----- Dataset content -----

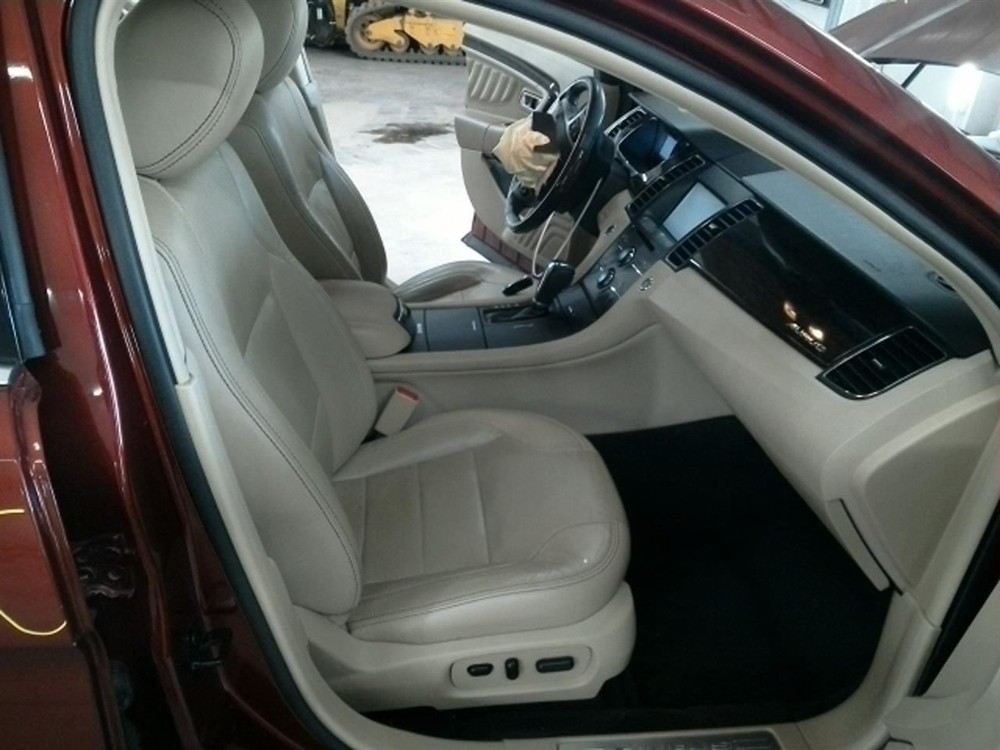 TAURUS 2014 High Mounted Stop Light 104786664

-----
----- Dataset content -----

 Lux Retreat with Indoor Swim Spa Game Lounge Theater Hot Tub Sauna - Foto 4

-----
----- Dataset content -----

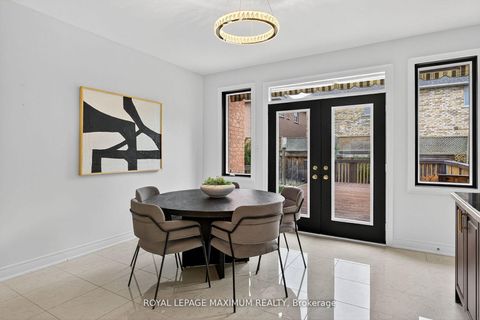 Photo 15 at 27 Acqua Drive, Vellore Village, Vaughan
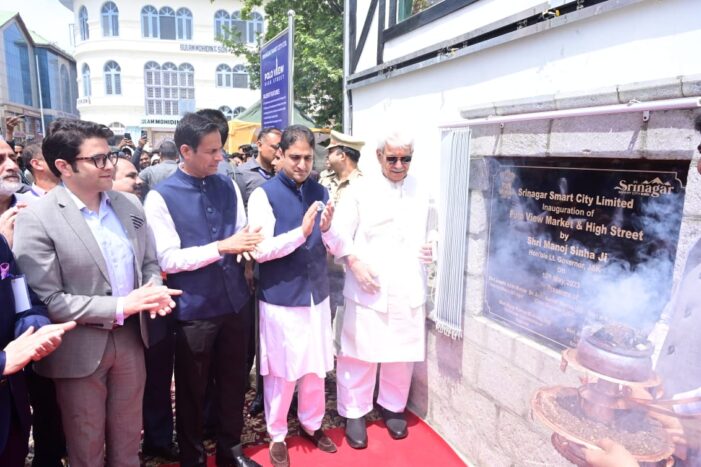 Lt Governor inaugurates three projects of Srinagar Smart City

-----

** Task to complete **
In the listing above, find the line with "Photo 15 at" and the line with "Lt Governor inaugurates". Copy exactly those lines and all between them, minus the images.

** Written reply **
 Photo 15 at 27 Acqua Drive, Vellore Village, Vaughan
 Lt Governor inaugurates three projects of Srinagar Smart City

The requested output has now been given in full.